Enterprise software teams are discovering a painful truth: the speed gains from artificial intelligence-generated code come with a steep hidden cost. As organisations have raced to deploy AI coding tools over the past 18 months, they have measured success by the wrong benchmarks, leaving them exposed to failures that are now surfacing in production systems.
AI-assisted code generation produces 1.7 times more issues related to logical and correctness bugs compared to traditional development methods. But the problem runs deeper than bug counts. By 2026, 75% of technology decision-makers are projected to face moderate to severe technical debt from AI-speed practices. This debt compounds silently; code that passes unit tests and looks correct can fail catastrophically in production.
Dorian Smiley and Connor Deeks, founders of AI advisory firm Codestrap, have spent the last year watching organisations grapple with this reality. "No one knows right now what the right reference architectures or use cases are for their institution," Smiley said. "A lot of people are pretending that they know. But there's no playbook to pull from." The pair worked at global consultancy PwC before launching their own practice to guide companies toward a realistic AI strategy.
The measurement problem is critical. AI-generated code introduces 1.7 times more total issues than human-written code across production systems, with logic and correctness errors appearing 1.75 times more often in AI-generated code than in human code. Yet many organisations still track success using metrics like lines of code and pull requests, which tell them nothing about quality. "Lines of code, number of pull requests, these are liabilities," Smiley said. "These are not measures of engineering excellence."
One example drives the point home. When developers attempted to rewrite SQLite in Rust using AI, the code passed all unit tests and had the correct structural shape. Yet the AI-generated version was 3.7 times larger and produced code that looks right but may skip control-flow protections or misuse dependency ordering. The performance penalty made it unusable.

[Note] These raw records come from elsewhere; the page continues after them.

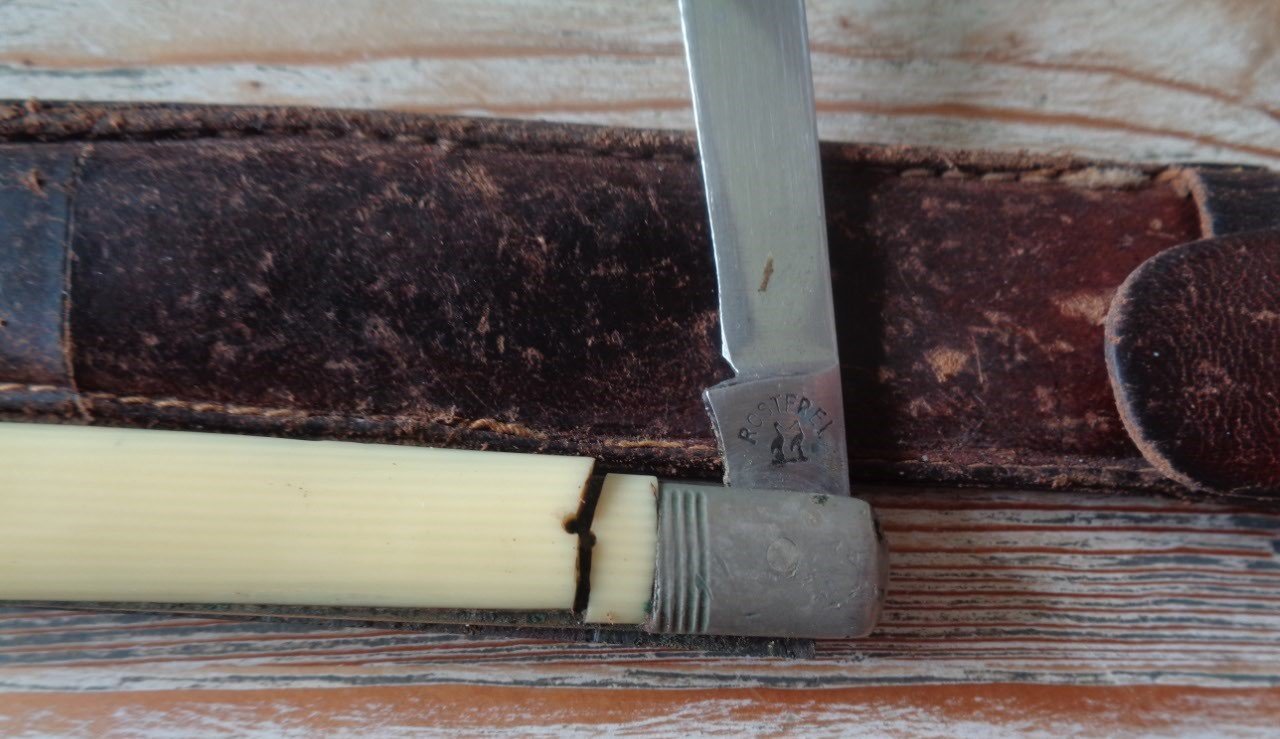 ALTES GROßES TASCHENMESSER VON R. KLAAS SOLINGEN – Bild 3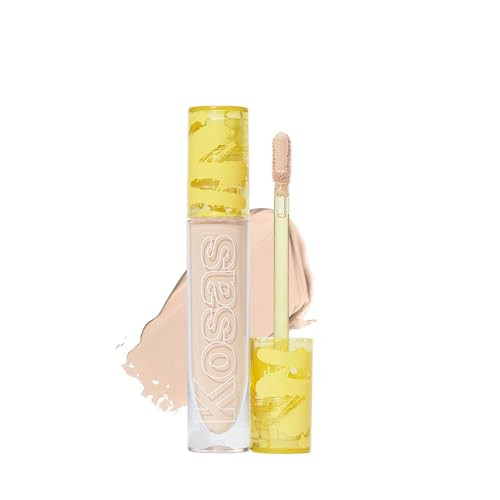 Kosas Revealer Concealer - Medium Coverage Makeup with Hyaluronic Acid, Conceals Dark Circles Under Eyes, Dark Spots and Blemishes + Brightens, Hydrates, Long-Lasting & Vegan, (Tone 3.2 O) | Amazon (US)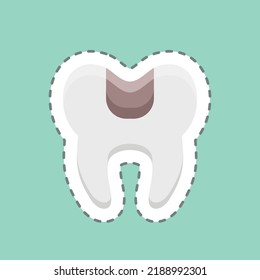 Sticker line cut Fillings. suitable for medicine symbol. simple design editable. design template vector. simple illustration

The liability problem is reaching critical mass. Deloitte's member firm in Australia paid the government a partial refund for a $290,000 report that contained alleged AI-generated errors, including references to non-existent academic research papers and a fabricated quote from a federal court judgment. This incident signals a broader risk: if consulting firms using AI at scale produce flawed work, clients will seek damages. Deeks noted the incentive misalignment is built in. "The partner wants more revenue and higher margin. You give them AI, what are they going to do? More work, less human work." That logic cuts corners on quality assurance.
Insurance underwriters are responding by withdrawing coverage. Both Deeks and Smiley report that major insurers are actively lobbying state-level regulators to carve AI-related workflows out of business liability policies. "Insurance underwriters are seriously trying now to remove coverage in policies where AI is applied and there's no clear chain of responsibility," said Smiley. One senior insurance executive confirmed this is real and widespread, yet few are discussing it publicly.

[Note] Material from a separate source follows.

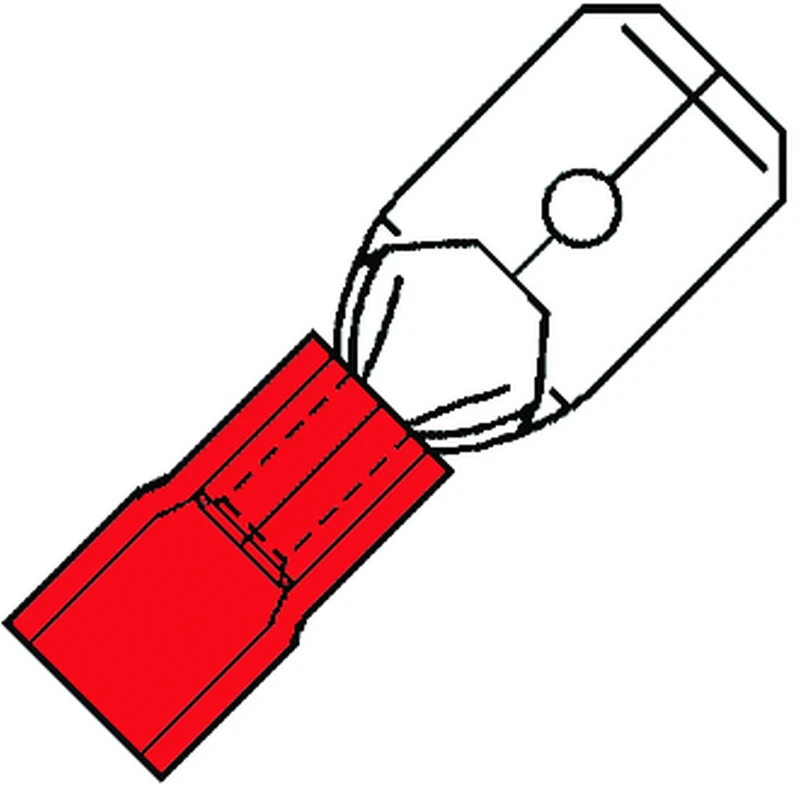 Isolierter Nylon Flachstecker 6.3x0.8mm SuperPidg - 151090 [100 Stück]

The market is tightening already. Smiley predicts quality failures will surface within eight to nine months for heavy AI users. Deeks sees a wave of lawsuits coming. Organisations are also applying pricing pressure: companies are demanding discounts from service firms when they learn AI tools were used in the work. AI tools amplify both the good and bad aspects of your engineering culture; with strong processes, clear coding patterns, and well-defined best practices, these tools can shine. But without those safeguards, the problems multiply.
The broader issue is that many organisations still believe AI coding "just works." It does not. As models improve, the code they produce is becoming increasingly verbose and complex, driving down the number of obvious bugs and security vulnerabilities at the cost of increasing the number of code smells; harder-to-pinpoint flaws that lead to maintenance problems and technical debt. These hidden defects are harder to spot in code review.

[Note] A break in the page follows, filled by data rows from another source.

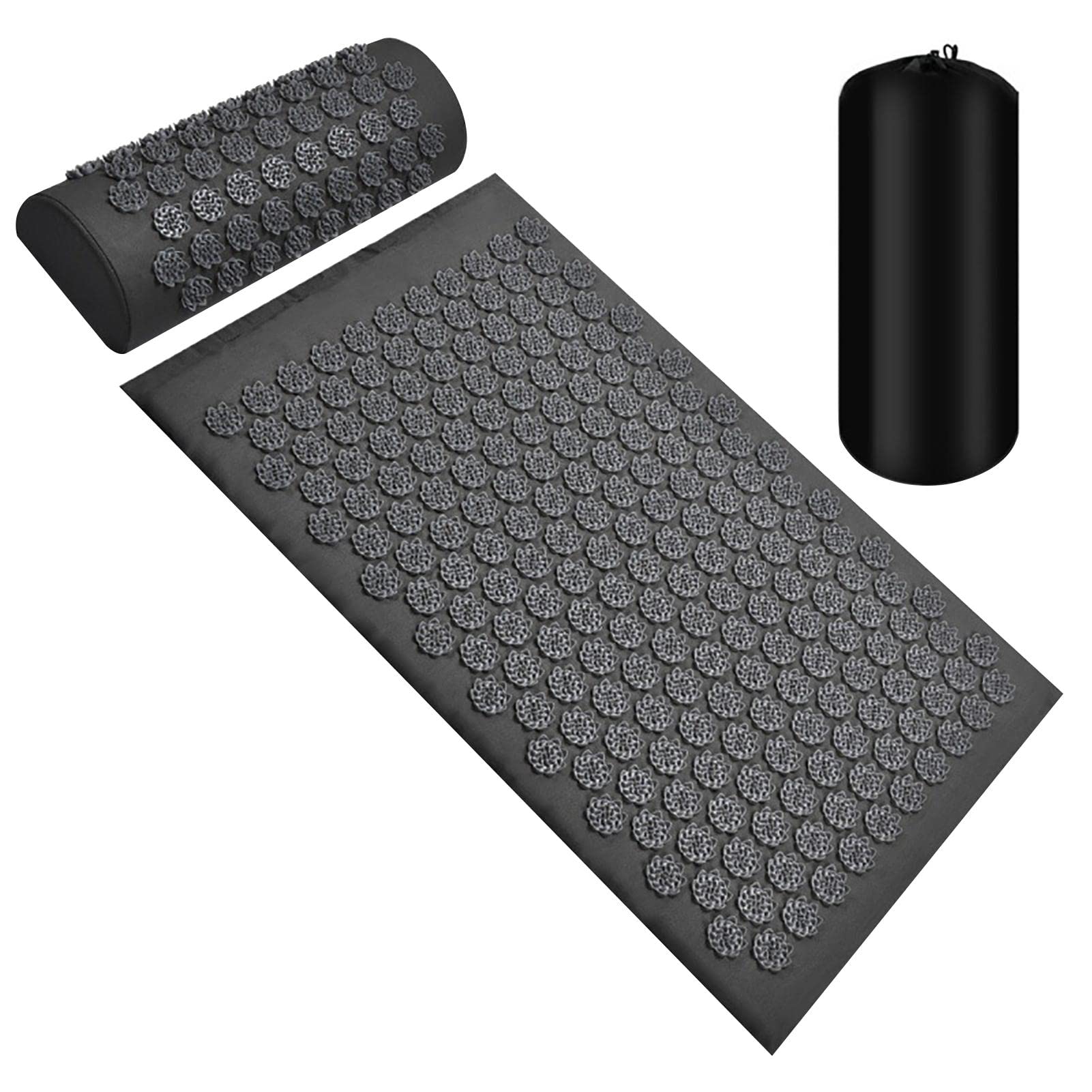 Eayoly Full Body Massage Mat and Pillow Set - Portable Lotus Mat for Chair, Bed & Travel - Relieve Muscle Pain & Stress at Home, Office or On-the-Go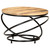 Coffee Table Black 23.6"x23.6"x15.7" Solid Rough Mango Wood
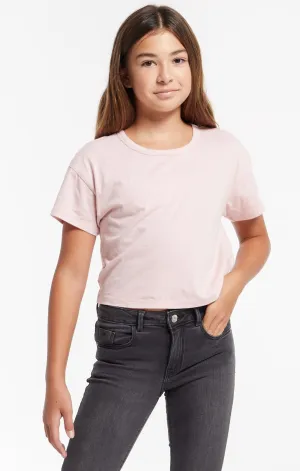 Z Supply Girls Nattie Organic Skimmer Tee - Pale Mauve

Deeks and Smiley argue the solution begins with honest conversation. Organisations need new metrics that track deployment frequency, lead time to production, change failure rate, and incident severity; the real markers of engineering excellence. They need to measure tokens burned per approved change and understand the true cost of AI-assisted development. Most critically, they need to stop pretending the technology solves problems it does not.
The next phase of AI in enterprise software will separate organisations that approached it with discipline from those that chased speed. The cost of the latter choice is becoming visible, and it is not cheap.